Pentagon Pastikan Pasukan AS Tidak Terlibat Operasi Israel yang Tewaskan Yahya Sinwar, Akui Pasok Informasi Intelijen

JAKARTA - Tewasnya Yahya Sinwar dinilai Amerika Serikat memberikan kesempatan untuk mengakhiri perang, dengan Departemen Pertahanan mengakui memberikan informasi intelijen, tapi operasi yang menewaskan Pemimpin Kelompok Militan Palestina Hamas itu dijalankan oleh Israel.

Menteri Pertahanan Amerika Serikat Lloyd Austin mengatakan, tewasnya Yahya Sinwar merupakan pencapaian besar yang memberikan kesempatan luar biasa untuk mengakhiri "perang yang mengerikan antara Israel dan Hamas.

"Kematian Sinwar juga memberikan kesempatan luar biasa untuk mencapai gencatan senjata yang langgeng, mengakhiri perang yang mengerikan ini, memungkinkan warga Israel kembali dengan selamat ke rumah mereka di Israel selatan, mempercepat bantuan kemanusiaan yang jauh lebih banyak untuk meringankan kesengsaraan di Gaza, serta membawa bantuan dan harapan bagi warga Palestina yang telah menderita di bawah kekuasaan Hamas yang menindas," kata Menhan Austin dalam sebuah pernyataan, melansir CNN 18 Oktober.

Diberitakan sebelumnya, Israel Defense Forces (IDF) mengatakan, Yahya Sinwar tewas dalam sebuah operasi di selatan Jalur Gaza pada Hari Rabu.

"Setelah menyelesaikan proses identifikasi jenazah, dapat dipastikan bahwa Yahya Sinwar telah terbunuh," kata IDF, dikutip dari Reuters.

Pembunuhan itu terjadi selama operasi darat di kota Rafah di Gaza selatan di mana pasukan Israel menewaskan tiga militan dan mengambil mayat mereka, kata Radio Angkatan Darat Israel.

Kepala Staf IDF Letjen Herzi Halevi mengatakan, pengejaran Israel terhadap Sinwar selama setahun terakhir telah mendorongnya "untuk bertindak seperti buronan, menyebabkannya berpindah lokasi beberapa kali."

Pemimpin Hamas Yahya Sinwar. (Sumber: IRNA)

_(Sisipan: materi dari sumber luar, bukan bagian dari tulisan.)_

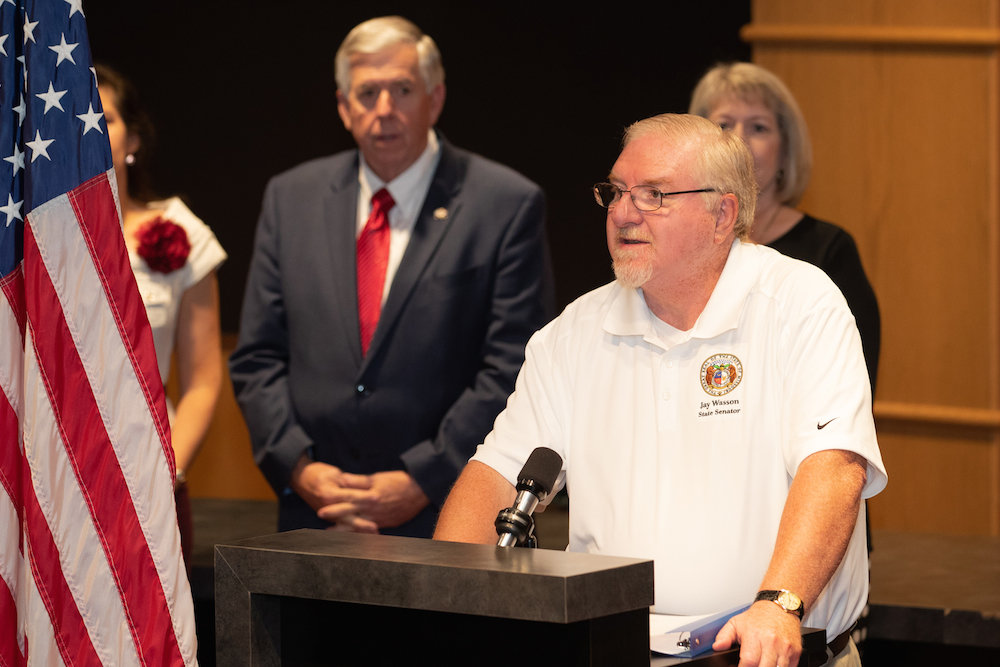 Pictured in mid-2018 with Gov. Mike Parson, left, Jay Wasson is now joining the MSU Board of Governors.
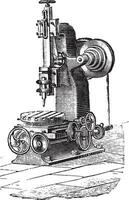 Slotting machine, vintage engraving. vector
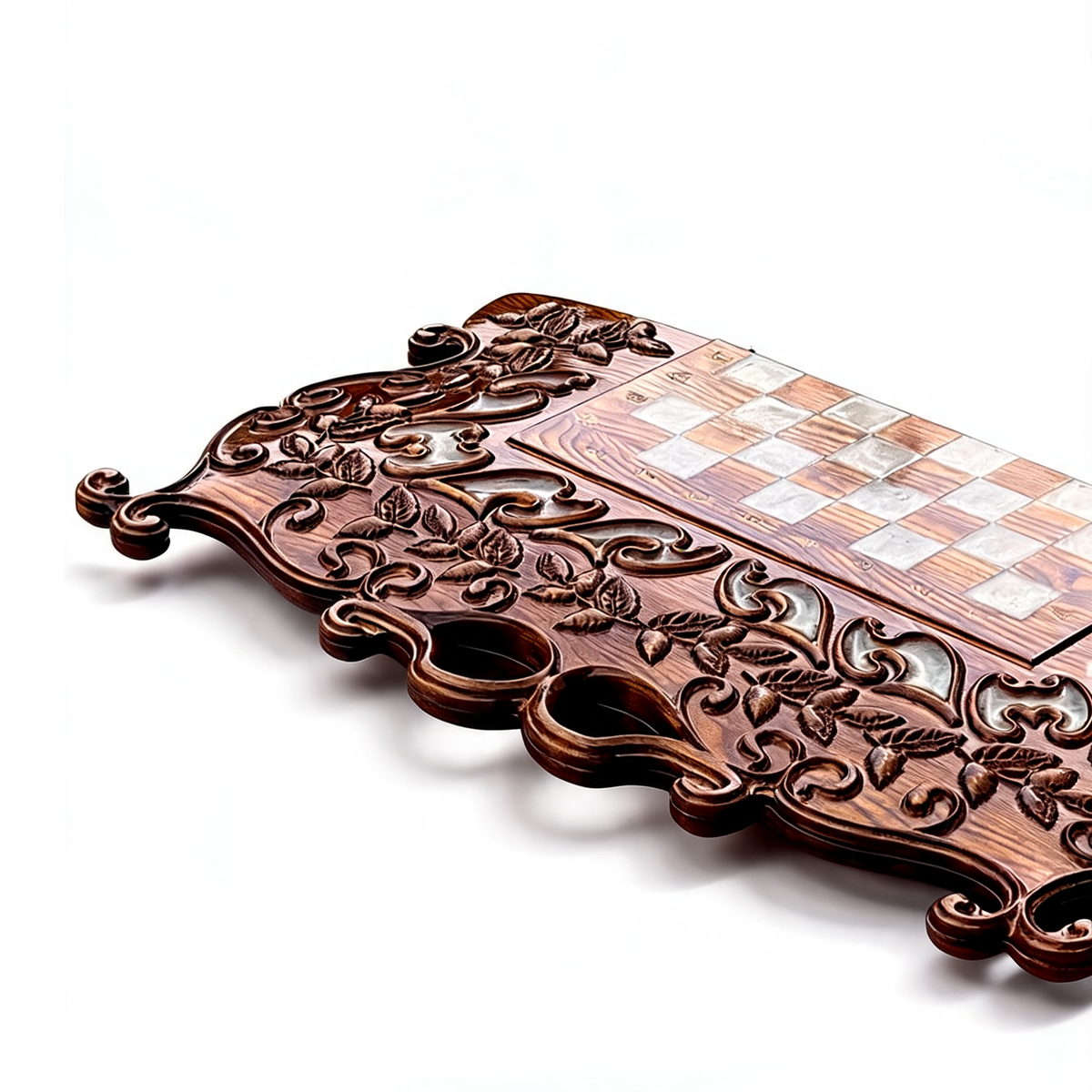 Ornate Carved Wooden Chess Set Granadas.store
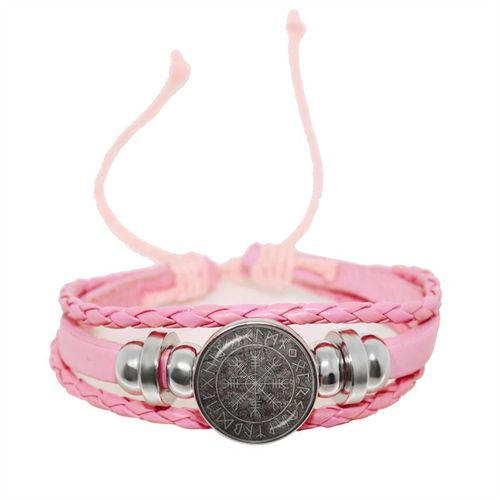 Bracelet Boussole Multicouche En Cuir Tressé Viking Pour Homme, Perles De Bois, Mode Décontractée, Bracelets Rétro Punk, Bracelet Rond, Cadeau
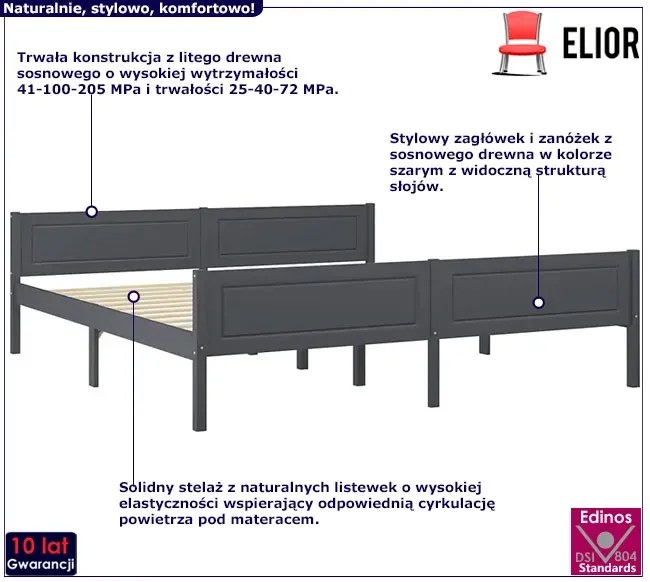 Szare podwójne łóżko z litego drewna 180x200 - Siran 7X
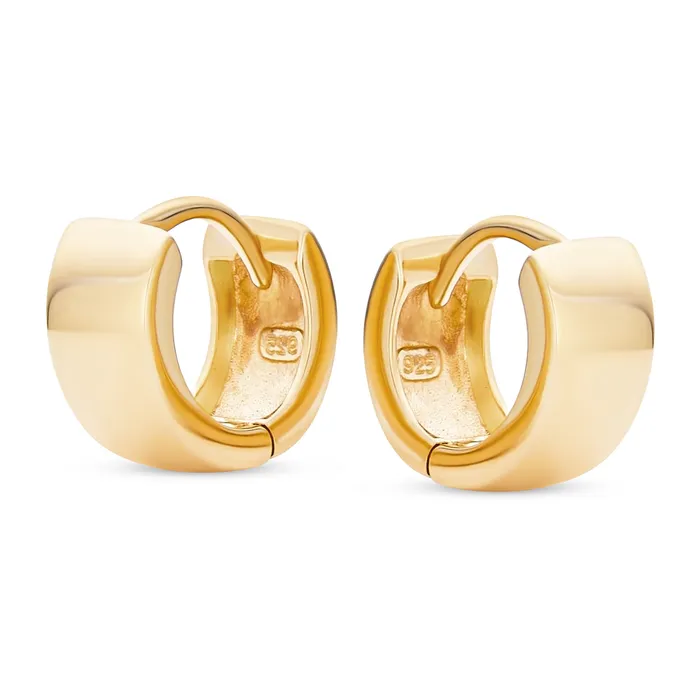 BlingJewelry Wholesale Earrings Simple Wide Hoop Huggie Earrings for Men 14K Gold Plated Sterling Silver BlingJewelry Wholesale Earrings Simple Wide Hoop Huggie Earrings for Men 14K Gold Plated Sterling Silver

Ia mengatakan tentara telah mendatangi Sinwar selama operasi rutin tanpa mengetahui keberadaannya, tidak seperti operasi lain terhadap para pemimpin militan berdasarkan intelijen komprehensif.

Juru bicara IDF Laksda Daniel Hagari saat jumpa pers Hari Kamis mengatakan, Yahya Sinwar mencoba melarikan diri ke utara ketika ia tewas dalam serangan Israel.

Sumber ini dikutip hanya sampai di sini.